→ Problem to solve: Set down all the records below, word for word.
** Opening Stored data block **
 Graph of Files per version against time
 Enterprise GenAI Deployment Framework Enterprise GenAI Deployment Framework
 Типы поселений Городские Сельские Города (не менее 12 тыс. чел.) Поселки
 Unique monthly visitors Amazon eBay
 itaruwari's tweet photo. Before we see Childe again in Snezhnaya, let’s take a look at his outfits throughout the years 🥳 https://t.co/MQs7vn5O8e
** Closing Stored data block **
→ Task response:
 Graph of Files per version against time
 Enterprise GenAI Deployment Framework Enterprise GenAI Deployment Framework
 Типы поселений Городские Сельские Города (не менее 12 тыс. чел.) Поселки
 Unique monthly visitors Amazon eBay
 itaruwari's tweet photo. Before we see Childe again in Snezhnaya, let’s take a look at his outfits throughout the years 🥳 https://t.co/MQs7vn5O8e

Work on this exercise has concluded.